[PATCH v6 2/8] drm/ttm: Add ttm_bo_access
Thomas Hellström
thomas.hellstrom at linux.intel.com
Wed Nov 13 10:44:12 UTC 2024
On Wed, 2024-11-13 at 09:37 +0100, Christian König wrote:
> Am 12.11.24 um 17:33 schrieb Thomas Hellström:
> > [SNIP]
> > > > > This has been extensively discussed already, but was expected
> > > > > to
> > > > > really
> > > > > only be needed for low-on-memory scenarios. However it now
> > > > > seems
> > > > > like
> > > > > the need is much earlier due to the random userptr page
> > > > > joining
> > > > > by
> > > > > core
> > > > > mm.
> > > > Just to clarify here:
> > > >
> > > > In Long-Running mode with recoverable pagefaults enabled we
> > > > don't
> > > > have
> > > > any preempt-fences, but rather just zap the PTEs pointing to
> > > > the
> > > > affected memory and flush TLB. So from a memory resource POW a
> > > > breakpoint should be safe, and no mmu notifier nor shrinker
> > > > will be
> > > > blocked.
> > > That sounds like a HMM based approach which would clearly work.
> > >
> > > But where is that? I don't see any HMM based approach anywhere in
> > > the
> > > XE
> > > driver.
> > This is a mode that uses recoverable pagefaults to fault either
> > full
> > userptr or full bos, and used with DRM_XE_VM_CRATE_FLAG_FAULT_MODE.
> > (not SVM)!
> >
> > userptrs in xe are bo-less, and using the vm's resv, but otherwise
> > using hmm similar to amdgpu: xe_hmm.c
>
> Yeah, I have seen that one.
>
> > fault servicing:
> > xe_gt_pagefault.c
> >
> > PTE zapping on eviction and notifier:
> > xe_vm_invalidate_vma(), xe_vm.c
>
> Ah, that was the stuff I was missing.
>
> So the implementation in xe_preempt_fence.c is just for graphics
> submissions? That would make the whole thing much easier to handle.

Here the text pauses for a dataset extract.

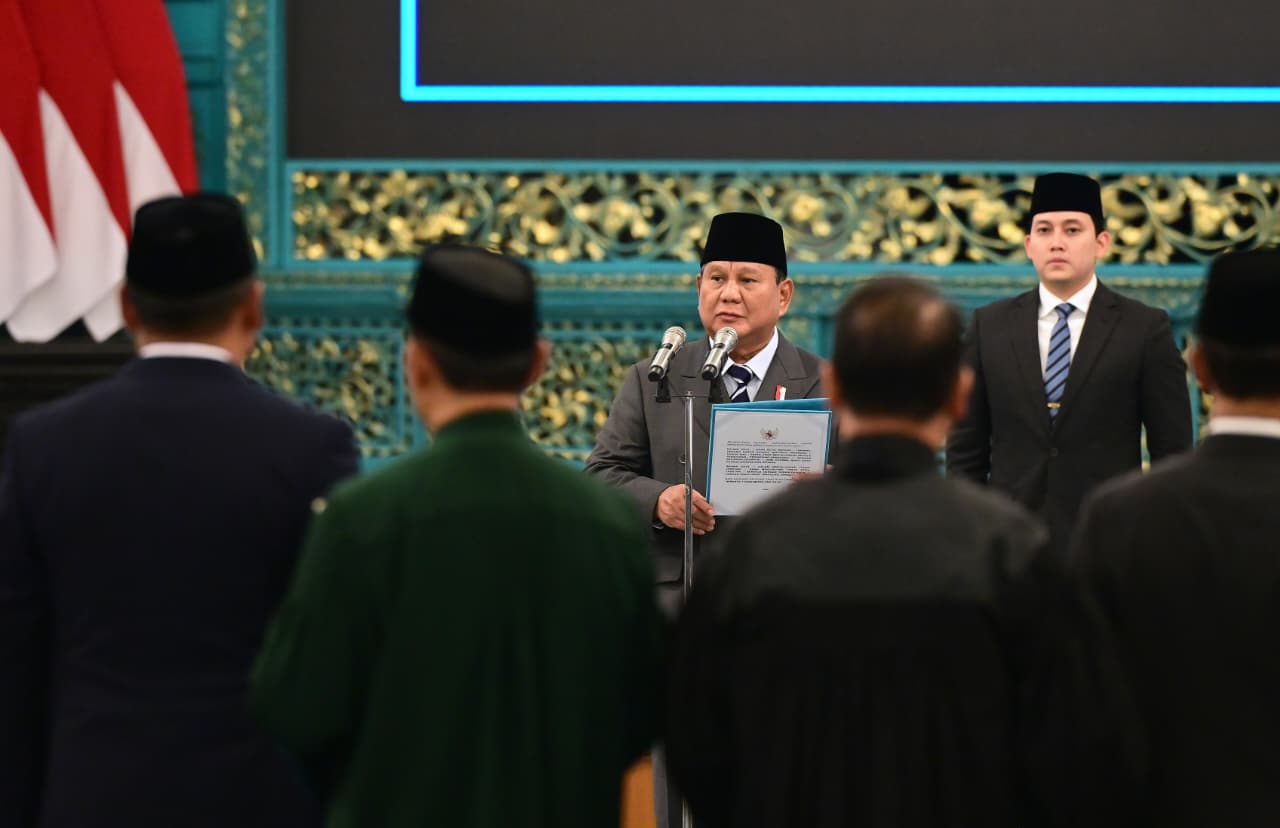 Prabowo Lantik Kepala BNPB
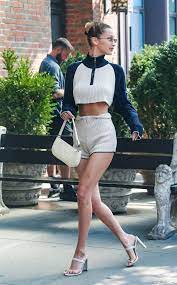 Her street style is enviable yet attainable, thanks. 25 Street Style Outfits By Bella Hadid Which Will Give You Fashion Envy Bonzerbabe Bella Hadid Outfits Bella Hadid Street Style Street Style Outfit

Actually it's not, it's intended for long-running mode, but as a
consequence the debugger would be allowed only in fault mode.
>
> The only remaining question I can then see is if long running
> submissions with DRM_XE_VM_CRATE_FLAG_FAULT_MODE could potentially
> block
> graphics submissions without this flag from accessing the hardware?
Yes and no. We have a mechanism in place that allows either only fault
mode jobs or non-faulting jobs on the same, what we call "engine
group".
A pagefault on an engine group would block or hamper progress of other
jobs on that engine group.
So let's say a dma-fence job is submitted to an engine group that is
currently running a faulting job. We'd then need to switch mode of the
engine group and, in the exec ioctl we'd (explicitly without preempt-
fences) preempt the faulting job before submitting the dma-fence job
and publishing its fence. This preemption will incur a delay which is
typically the delay of servicing any outstanding pagefaults. It's not
ideal, but the best we can do, and it doesn't affect core memory
management nor does it affect migration blits.
In the debugger case, this delay could be long due to breakpoints, and
that's why enabling the debugger would sit behind a flag and not
something default (I think this was discussed earlier in the thread).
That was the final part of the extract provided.